### DATASET SECTION ###

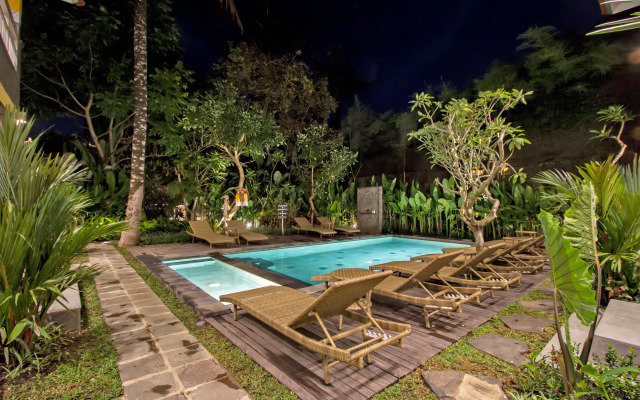 ZEN Rooms Jukut Paku Village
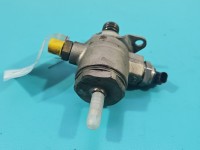 pompka Pompa paliwa AUDI A8 D4 4H 2.0 TFSI 06J127025G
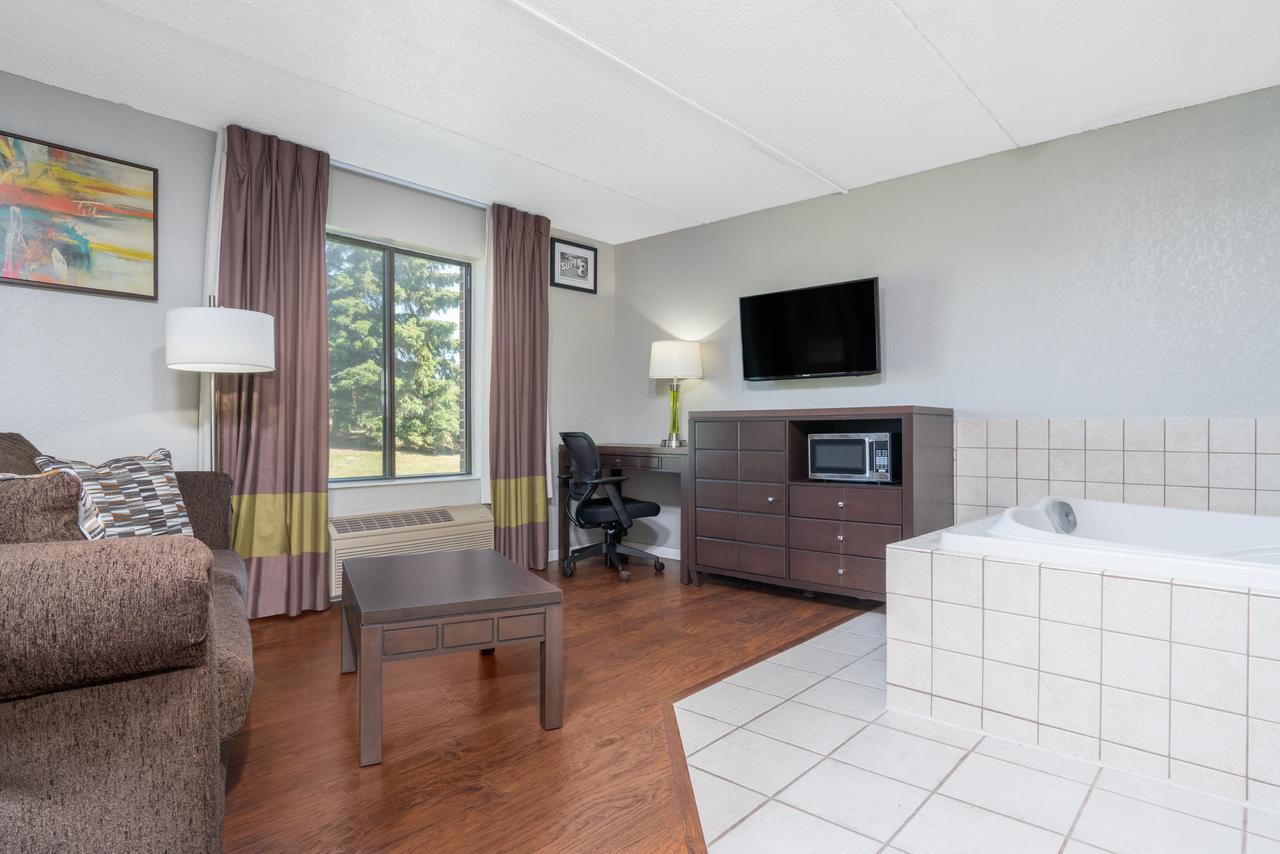 Super 8 By Wyndham Bloomington/Airport - thumb 13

###

_TO DO:_
No pictures, please. Output the listing above exactly as it stands.

_SOLUTION:_
 ZEN Rooms Jukut Paku Village
 pompka Pompa paliwa AUDI A8 D4 4H 2.0 TFSI 06J127025G
 Super 8 By Wyndham Bloomington/Airport - thumb 13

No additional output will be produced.